L'emblema del dolore e della rovina
La distruzione di un paese diventa, in questa lirica, l’emblema del dolore del fante-poeta, che sembra rivivere lo strazio provato, dopo la battaglia, di fronte alle rovine penose di San Martino del Carso: case ridotte a cumuli di macerie, con qualche brandello di muro ancora in piedi, persone (commilitoni e abitanti di quel paese) letteralmente dissolte dalle cannonate, ma presenti e vive nel cuore del poeta, un cuore straziato, proprio come quel paese, un cuore straziato dai ricordi brucianti di giorni di morte e di rovina. L’analogia tra paese e cuore è folgorante in questo senso. Nel precario confine tra la vita e la morte, quando ogni cosa può rovesciarsi nel suo opposto o scomparire per sempre, in un attimo, all’improvviso, San Martino del Carso diventa l’emblema della dialettica tra essere e nulla. Solo chi sopravvive a una tale tragedia, con il cuore come un cimitero pieno di croci, può “comprendere”, come il fante-poeta, e gridare al mondo il suo attaccamento alla vita.
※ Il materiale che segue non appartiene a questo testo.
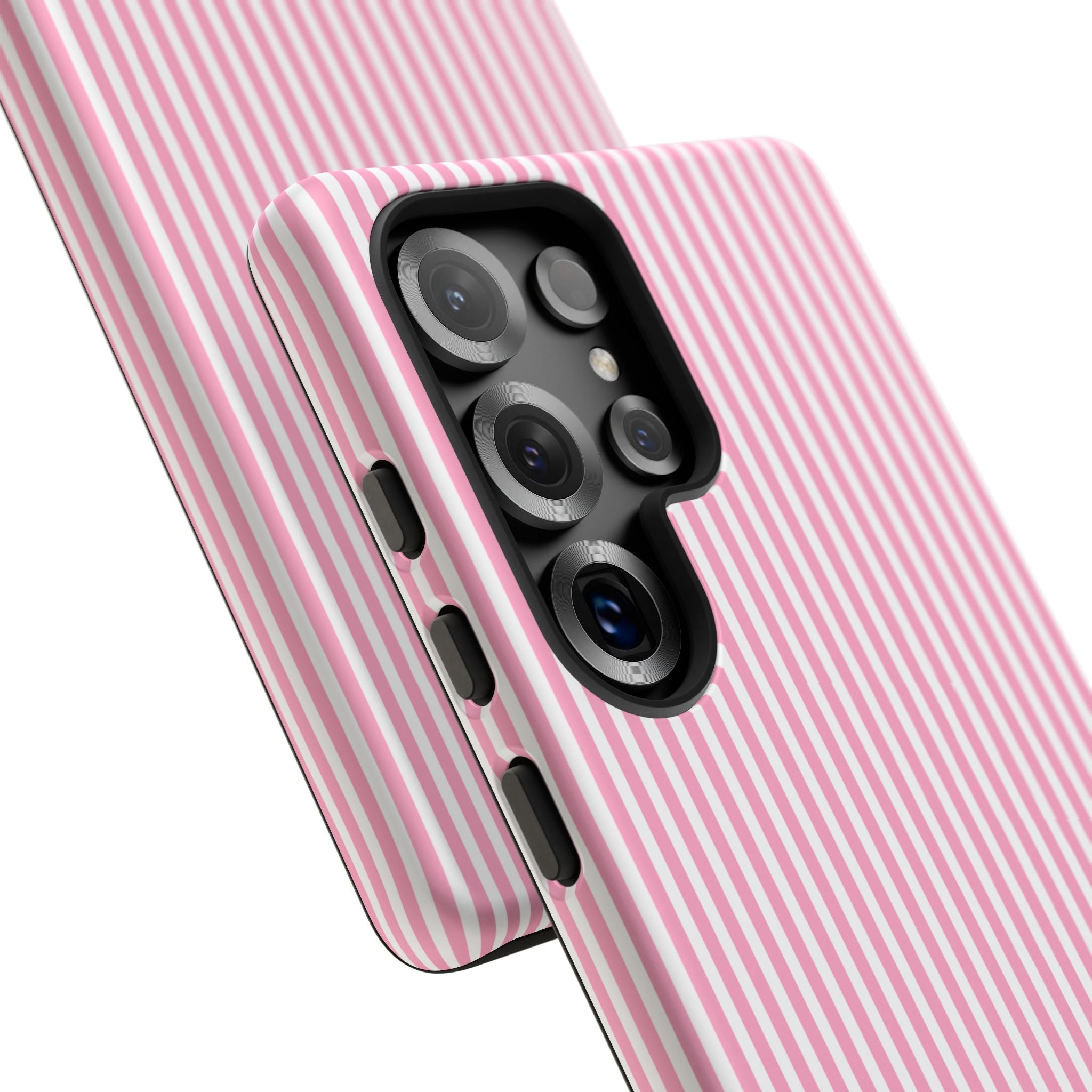 Galentines Day Pink Striped Lines phone case, Pink Stripe Iphone case | Tough Cases - Iphone, Samsung and Pixel Mobile cases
L’immagine fragile del cuore straziato richiama quella iniziale del brandello di muro, racchiudendo il componimento in un cerchio di dolore.
Un'intera nottata
buttato vicino
a un compagno
massacrato
con la sua bocca
digrignata
volta al plenilunio
con la congestione
delle sue mani
penetrata
nel mio silenzio
ho scritto
lettere piene d'amore
Non sono mai stato
tanto
attaccato alla vita
Attaccamento alla vita
Un’intera nottata ha buttato vicino a un compagno massacrato con la sua bocca contratta, rivolta alla luna piena, con le mani rese gonfie e livide dalla morte, penetrano nel mio silenzio; ho scritto lettere piene d’amore.
Non sono mai stato tanto attaccato alla vita.
Domande da interrogazione
- Qual è il tema centrale della fragilità umana nel testo?
- Come viene rappresentata la distruzione del paese nel componimento?
- Qual è il significato della pietra di San Michele nel contesto del testo?
- In che modo l'attaccamento alla vita si manifesta nel testo?
Il testo esplora la fragilità umana attraverso l'immagine di un cuore straziato e la precarietà dell'esistenza, evidenziando come la consapevolezza della morte renda l'uomo più attaccato alla vita.
La distruzione di San Martino del Carso diventa simbolo del dolore del poeta, che rivive lo strazio di fronte alle rovine e alle perdite, creando un'analogia tra il paese distrutto e il suo cuore straziato.
La pietra di San Michele rappresenta la durezza e l'assenza di vita, riflettendo il pianto invisibile del poeta e la condizione di chi vive la morte quotidianamente, sottolineando che "la morte si paga vivendo".
L'attaccamento alla vita emerge attraverso la descrizione di un momento di intimità con un compagno massacrato, dove il poeta, nonostante il dolore, scrive lettere piene d'amore, rivelando una profonda connessione con la vita.